New and different information on the Jamea Harris tragedy


New details have become known about the January shooting that led to the tragic death of Jamea Harris.

There are actually two recent, noteworthy stories about what happened on Jan. 15. One is a report, based upon video evidence, that the first shots fired were not fired by Darius Miles’ friend, Michael Davis. Apparently, there is clear video evidence that the first shots, as in three, were fired by an individual in close proximity to Jamea Harris. There is a further contention that Davis, who returned fire quickly had already been hit by one of the initial shots – and that Davis mostly fired while running away.

Before adding to this summary, Bama Hammer readers would be best served by reading every word of what was published by Patch – Tuscaloosa. For those who are unaware of Patch, it is a media platform that provides local news and community information to over 1,200 different locations, mostly in mid-size and small U.S. markets.

The author of the linked story is journalist, Ryan Phillips. Phillips is a graduate of the University of Alabama and the University of Mississippi. Phillips has worked in the Atlanta Bureau of the Associated Press and he was Executive Editor of the Starkville Daily News. Another writer many Alabama fans will recognize is Warren St. John, who is the President of Patch. St. John wrote the well-known book, Rammer Jammer Yellow Hammer.

For our readers more interested in a ‘Cliff Notes’ version of the Phillips story, the gist is Michael Davis and Darius Miles may have solid self-defense claims. If the information provided to Phillips by others is accurate, a third individual should have been charged with a crime. That individual is believed to be Cedric Johnson who fired a weapon from the driver’s side of the vehicle Jamea Harris was sitting in.

At the preliminary hearing, the police investigator stated Davis fired first.
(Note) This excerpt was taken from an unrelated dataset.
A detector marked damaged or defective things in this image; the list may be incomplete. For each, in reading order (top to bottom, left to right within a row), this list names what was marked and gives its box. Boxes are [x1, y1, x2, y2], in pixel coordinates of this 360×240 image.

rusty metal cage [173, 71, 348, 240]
It is believed Cedric Johnson has so far avoided being served a subpoena. Johnson has not been charged with a crime.

What to make of the latest news?

Ryan Phillips is a credible professional. His cited source information is the complete transcript of the preliminary hearing and personal viewing of video evidence. The story by Phillips may match information compiled by defense attorneys representing Miles or Davis or both.

What actually happened remains unclear. What is perhaps becoming more clear is that Brandon Miller was a designated driver for the evening who as Nate Oats was panned for saying, ended up in the wrong place at the wrong time.
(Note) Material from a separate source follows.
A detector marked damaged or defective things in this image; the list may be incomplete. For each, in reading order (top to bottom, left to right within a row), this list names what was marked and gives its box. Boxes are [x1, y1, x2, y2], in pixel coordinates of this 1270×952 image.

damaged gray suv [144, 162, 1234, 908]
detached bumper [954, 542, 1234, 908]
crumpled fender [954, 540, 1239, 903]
The secondary story is whether this new information means the majority of media sources were far more wrong than right in earlier rushes to judgment. At least one source, BamaCentral’s Joey Blackwell wrote on Saturday night that the media owes Alabama and Brandon Miller an apology. Blackwell’s story, like this one, discussed what Ryan Phillips published. The Blackwell piece was available on the BamaCentral site for only a few hours after it was published.
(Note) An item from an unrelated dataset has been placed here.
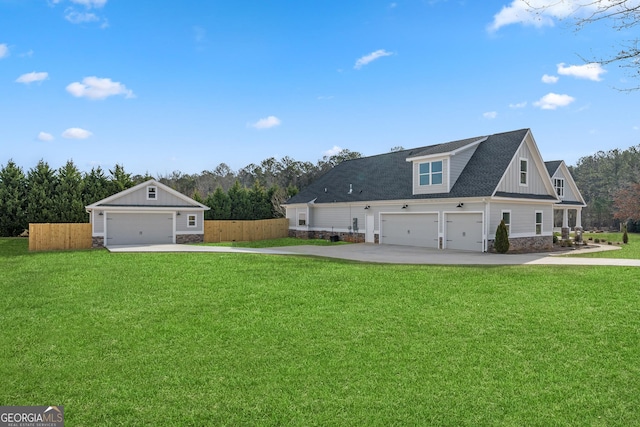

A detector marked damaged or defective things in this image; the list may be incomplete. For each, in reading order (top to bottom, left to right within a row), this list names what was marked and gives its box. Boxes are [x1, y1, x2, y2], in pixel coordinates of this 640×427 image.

detached single-car garage [106, 212, 174, 246]
detached single-car garage [380, 213, 440, 249]
detached single-car garage [448, 213, 482, 252]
A few days ago (before the latest information) Kevin Scarbinsky provided valuable insight.

"Jamea Harris didn’t deserve to die. Brandon Miller doesn’t deserve to be buried alive. Rather, Miller himself is lucky he didn’t breathe his last.A senseless tragedy has been unfairly framed as a conflict between the Harris family and Alabama basketball in general, Miller in particular. A grieving family can be forgiven its emotional, imprecise search for justice and closure. Journalists seeking the truth own a greater responsibility."

Next. Alabama and the NCAA Tournament. dark

Full disclosure to our readers; I read Blackwell’s story Saturday night. I regret it is currently not available for others to read. As Blackwell stated, the events that led to Jamea Harris’ death are too complex for anyone not directly involved to be sure of what happened. Too many in state and national media reported as though they were sure. In many cases, they have been proven wrong.